* [Source material]
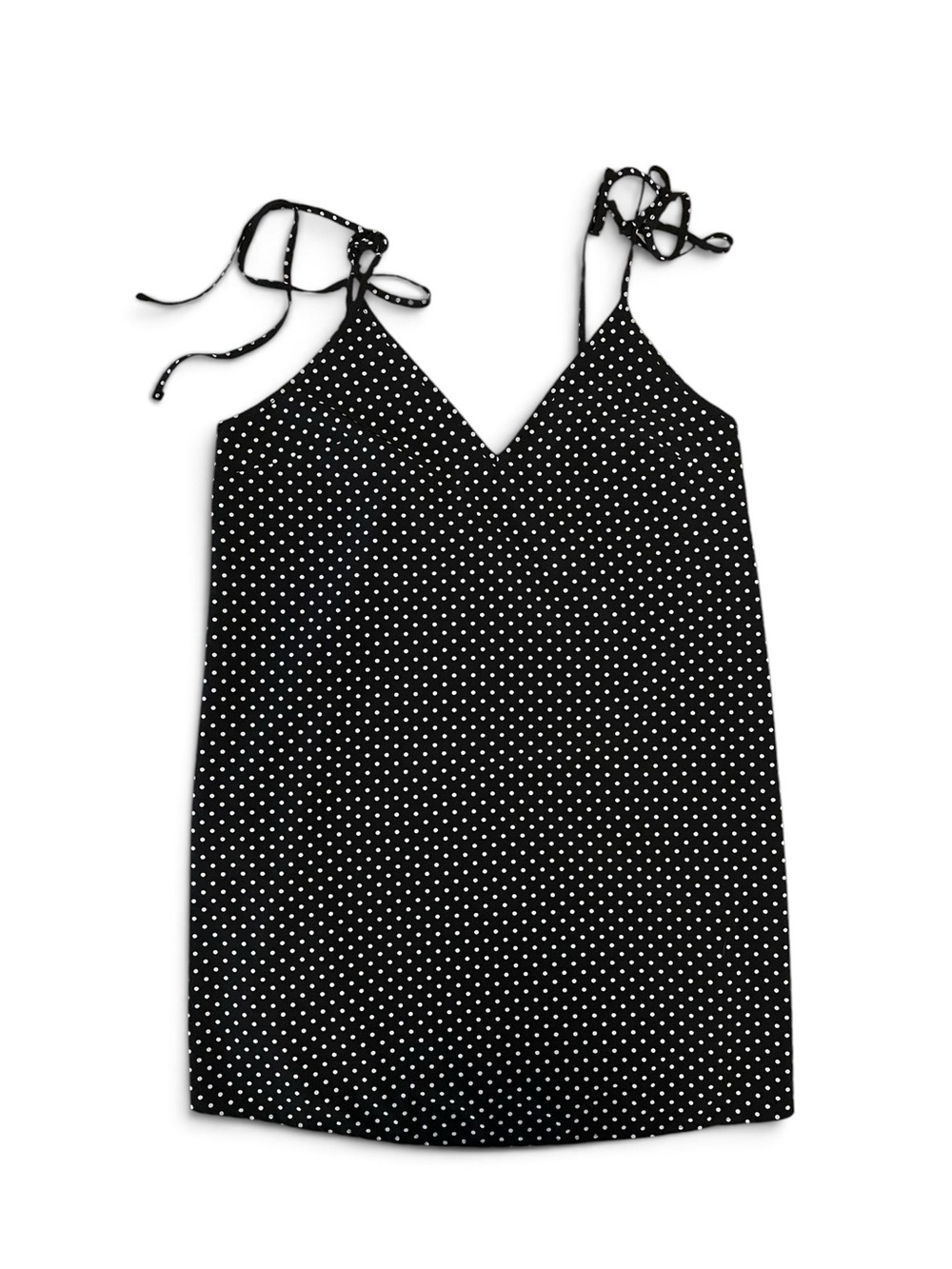Free People Black Polka Dot Tie-Strap Slip Mini Dress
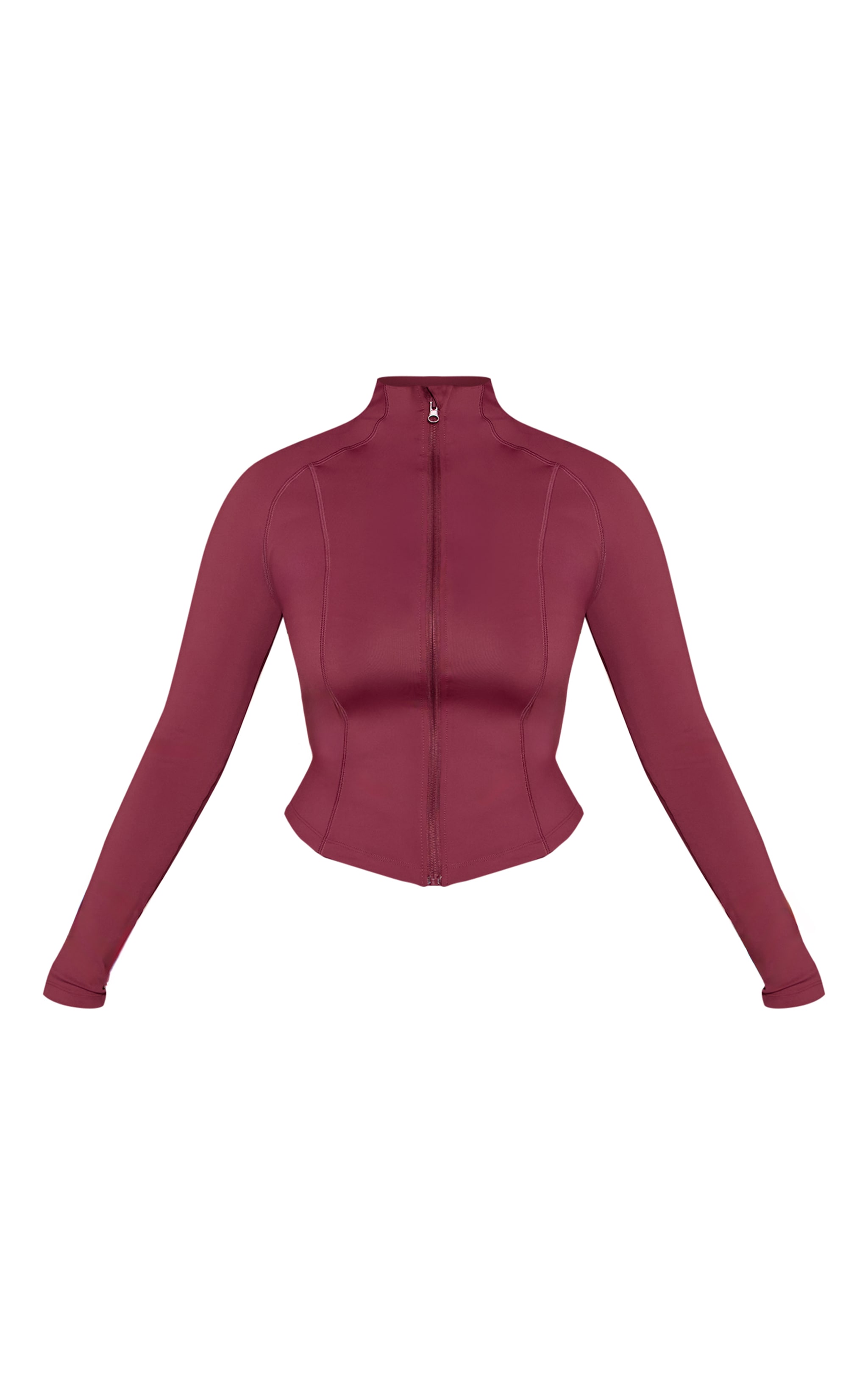 Shape Burgundy Sculpt Seam Detail Long Sleeve Zip Front Jacket image 5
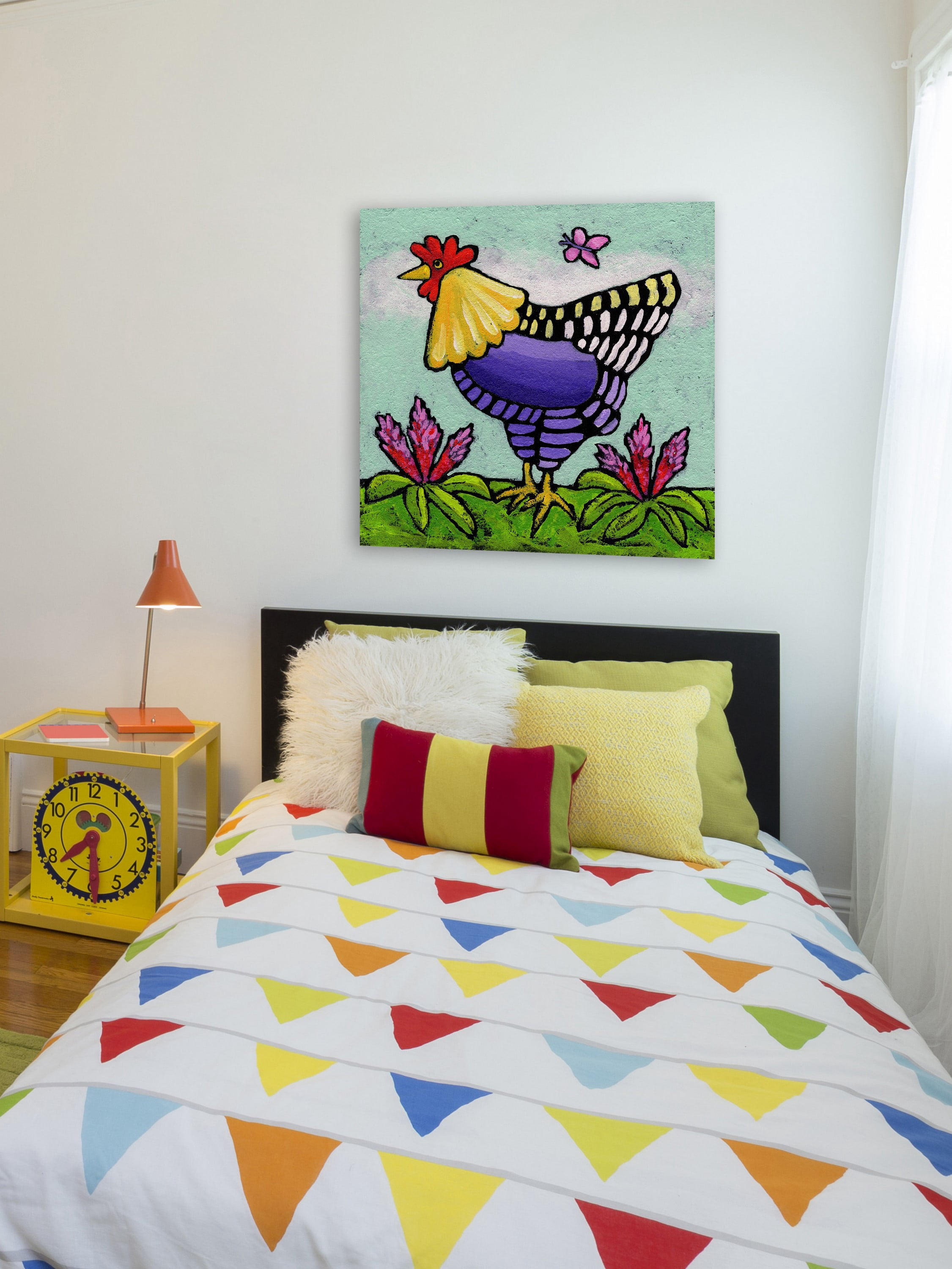 "Hen with Rooster Tails" Painting Print on Wrapped Canvas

* [Directions]
Pictures aside, repeat every line of the data above exactly.

* [Solution to this task]
Free People Black Polka Dot Tie-Strap Slip Mini Dress
 Shape Burgundy Sculpt Seam Detail Long Sleeve Zip Front Jacket image 5
 "Hen with Rooster Tails" Painting Print on Wrapped Canvas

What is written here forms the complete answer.